▸ REQUIRED WORK: Everything in the listing below should be repeated verbatim, apart from the pictures.

▸ SUPPLIED INFORMATION:
----------------

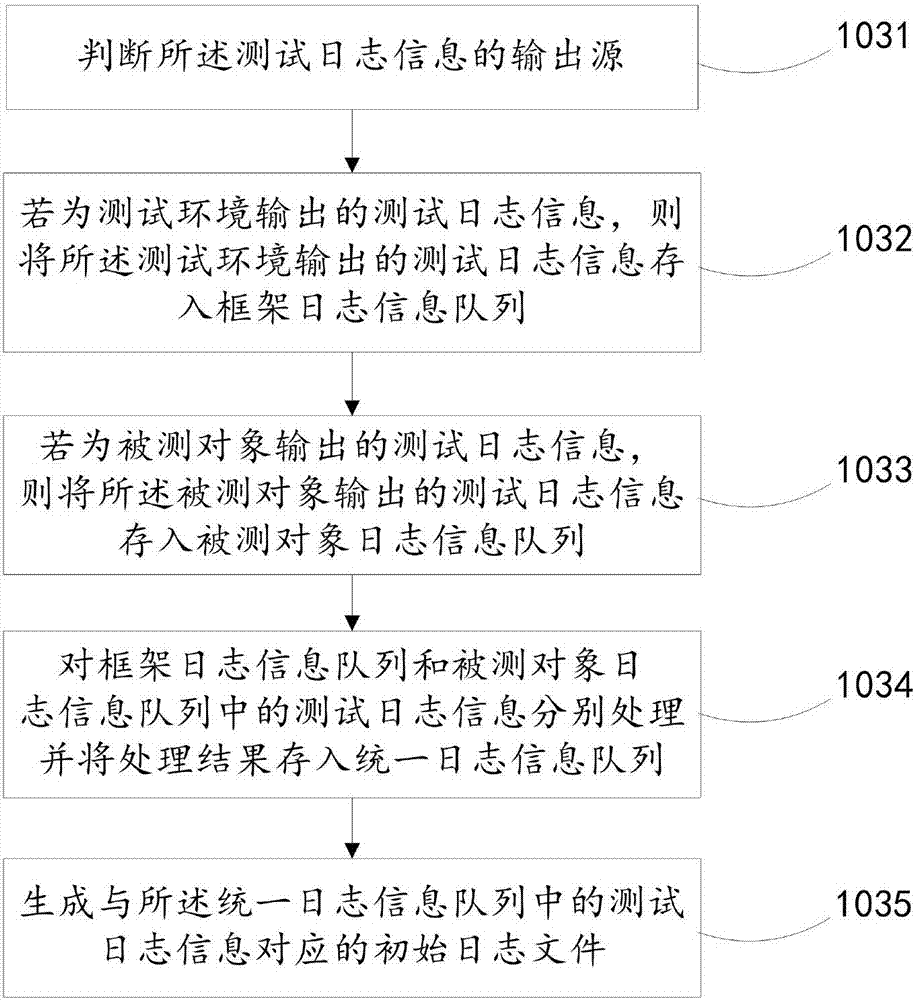 Test log processing method, system and terminal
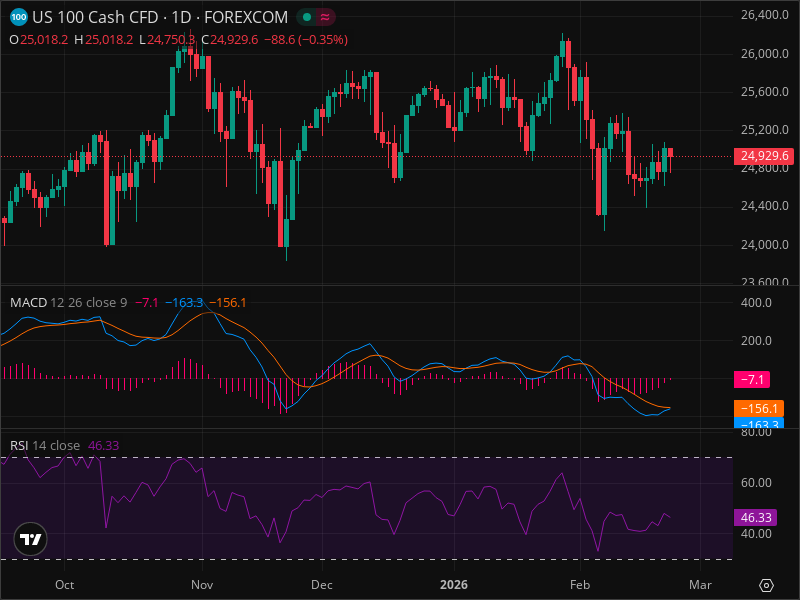 Is NDX at a Crossroads? Why Every Trader Should Watch This Critical Level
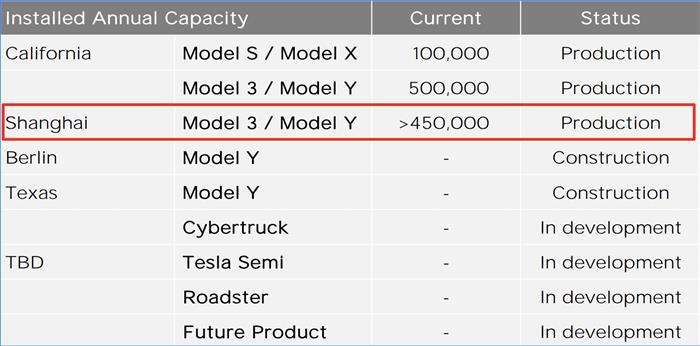 特斯拉中国7月销量不足万辆，出口欧洲却很火爆
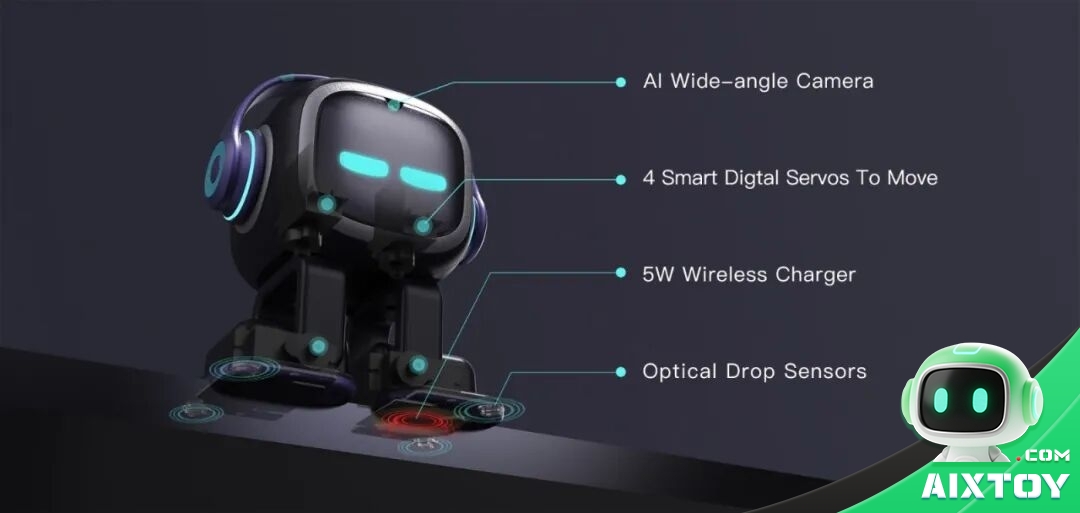 EMO AI robot sensors and hardware diagram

----------------

▸ SOLUTION:
 Test log processing method, system and terminal
 Is NDX at a Crossroads? Why Every Trader Should Watch This Critical Level
 特斯拉中国7月销量不足万辆，出口欧洲却很火爆
 EMO AI robot sensors and hardware diagram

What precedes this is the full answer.